**WORK ITEM:**
Going through the material below, output exactly the lines from the one containing "Hello guys, how" through the one containing "Which one of", and no pictures.

**AVAILABLE DATA:**
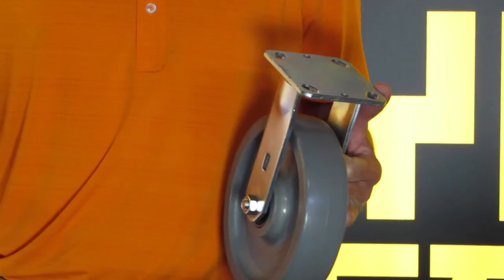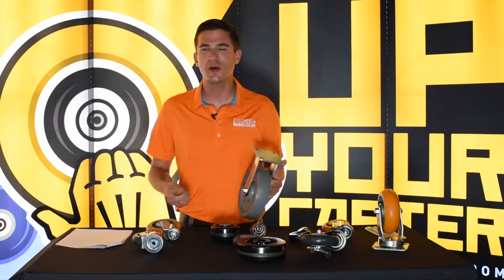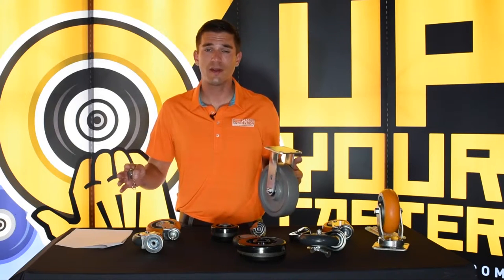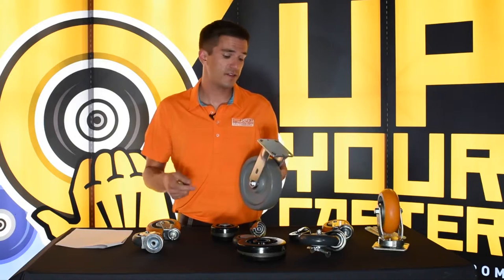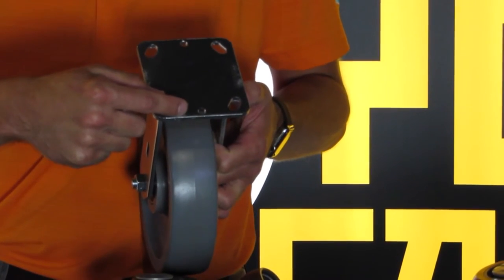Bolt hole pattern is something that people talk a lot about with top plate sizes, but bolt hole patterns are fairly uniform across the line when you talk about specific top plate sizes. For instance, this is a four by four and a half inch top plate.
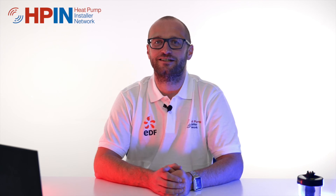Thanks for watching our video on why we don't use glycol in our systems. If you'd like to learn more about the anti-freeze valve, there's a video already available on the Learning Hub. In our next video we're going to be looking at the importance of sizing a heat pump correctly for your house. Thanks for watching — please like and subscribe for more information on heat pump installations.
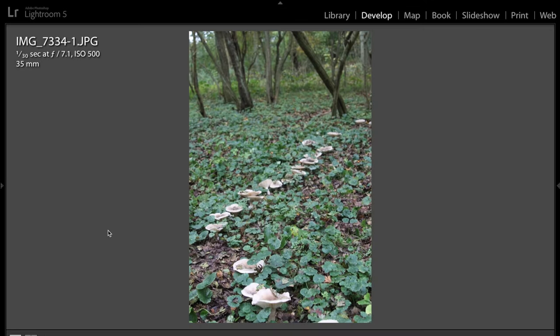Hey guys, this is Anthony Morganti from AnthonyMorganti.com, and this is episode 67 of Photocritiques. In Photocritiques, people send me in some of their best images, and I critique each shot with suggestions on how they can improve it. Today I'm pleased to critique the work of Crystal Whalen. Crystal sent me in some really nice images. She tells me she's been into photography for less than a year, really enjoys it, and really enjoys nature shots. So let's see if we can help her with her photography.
---
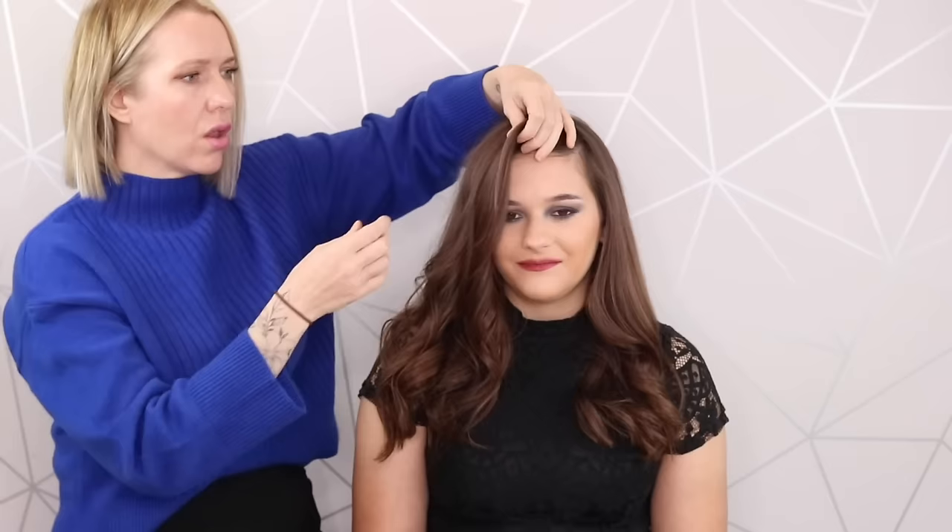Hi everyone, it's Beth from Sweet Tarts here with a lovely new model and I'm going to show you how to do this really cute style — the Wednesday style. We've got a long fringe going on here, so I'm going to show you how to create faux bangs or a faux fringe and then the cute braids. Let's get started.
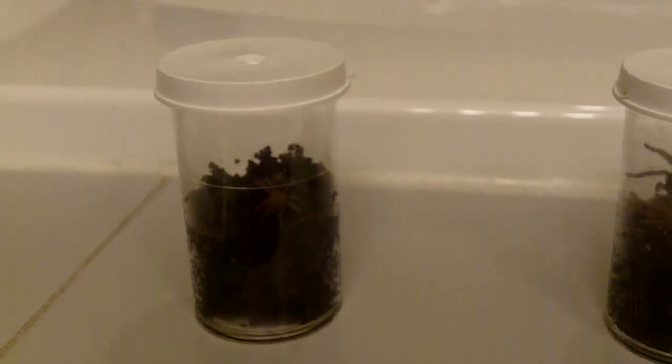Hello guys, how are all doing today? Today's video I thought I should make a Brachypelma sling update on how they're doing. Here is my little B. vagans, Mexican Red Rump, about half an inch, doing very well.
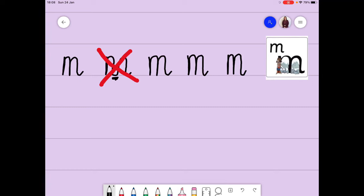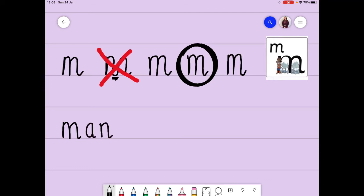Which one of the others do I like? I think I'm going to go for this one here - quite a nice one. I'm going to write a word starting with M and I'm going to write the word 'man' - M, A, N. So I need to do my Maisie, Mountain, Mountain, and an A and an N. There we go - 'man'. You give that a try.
* * *
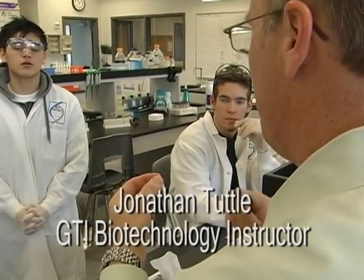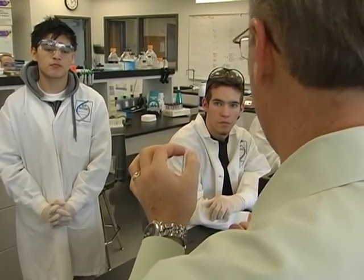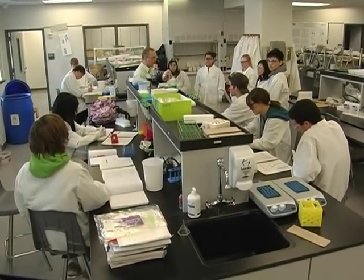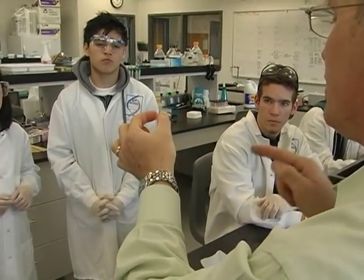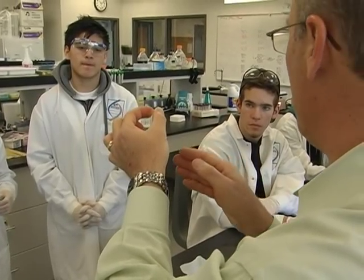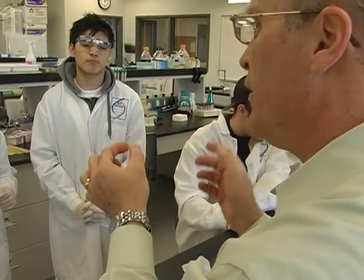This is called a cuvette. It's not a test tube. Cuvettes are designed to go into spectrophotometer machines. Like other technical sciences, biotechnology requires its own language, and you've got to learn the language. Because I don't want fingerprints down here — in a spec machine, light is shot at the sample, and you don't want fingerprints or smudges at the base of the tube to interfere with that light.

**SOLUTION FOR THIS TASK:**
Hello guys, how are all doing today? Today's video I thought I should make a Brachypelma sling update on how they're doing. Here is my little B. vagans, Mexican Red Rump, about half an inch, doing very well.
Which one of the others do I like? I think I'm going to go for this one here - quite a nice one. I'm going to write a word starting with M and I'm going to write the word 'man' - M, A, N. So I need to do my Maisie, Mountain, Mountain, and an A and an N. There we go - 'man'. You give that a try.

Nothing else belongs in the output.